To confirm the candidate's eligibility for Order of the Rose, a Resolution form or petition (secured from the International Office), is to be signed by two-thirds of the active members of the chapter or city council. Members sign their names on the form for those whom they believe eligible.
Some might think that if a member does nothing more than attend meetings, she probably shouldn't be rewarded with this honor. When you stop to think about it though, 15 years of attending meetings and actively participating (I believe this is the key) in an organization has to be worth something! Devotion and dedication to the ideals are enough alone. I would venture to say, however, that a member with 15 years of active participation would be contributing a lot more than just attending meetings!

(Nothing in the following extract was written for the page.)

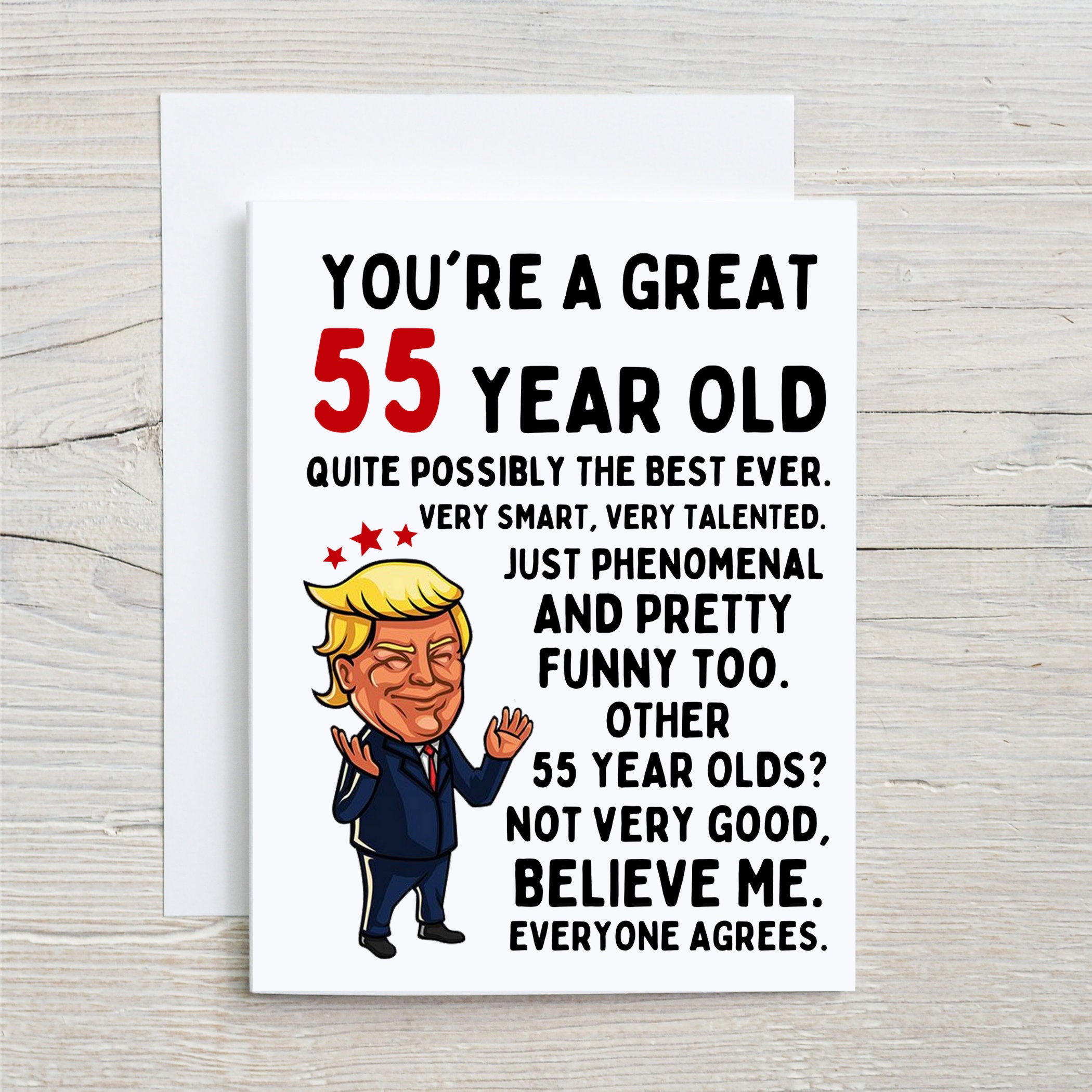 55th Birthday Card 55th Birthday Gift 55th Birthday - Etsy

In fact, I recall a member in my own Exemplar chapter some years ago. She is not one who would or made significant contributions to the success of the chapter year after year, or Beta Sigma Phi for that matter. But, she was always there. We could always depend on her to be present for whatever the occasion. She was one we knew we could always count on. And, that was her way, perhaps the only way, she had of contributing. After 15 years, we did sign the Resolution form for her to receive the Order of the Rose. And she was deeply touched and so very grateful. Her appreciation for this special honor is something I will never forget. The thought of that particular Founder's Day all these years later still warms my heart.

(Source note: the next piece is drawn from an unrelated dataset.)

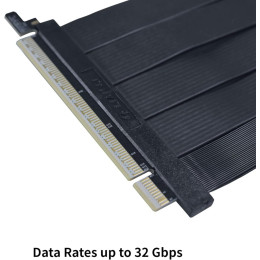 Lian li Pcie 5.0 Riser Cable 200mm - Black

Others who believe you have to make innumerable contributions to sorority before you can receive the Order of the Rose know they can and are rewarded in other ways and probably have been, i.e., chosen as Woman of the Year, given special awards for achievement, recognition for service, honors, etc.
The Order of the Rose Degree is Beta Sigma Phi's Honorary degree. Long service to the sorority and outstanding devotion to its ideals qualify a member to receive this high honor in Beta Sigma Phi.
I have great faith and trust in the membership and know, when asked to do the right thing, sorority sisters can always be counted on to do just that! After all, they are Beta Sigma Phi! If members in your chapter (or city council) believe a sister is worthy of the honor of Order of the Rose, they will confer it upon her.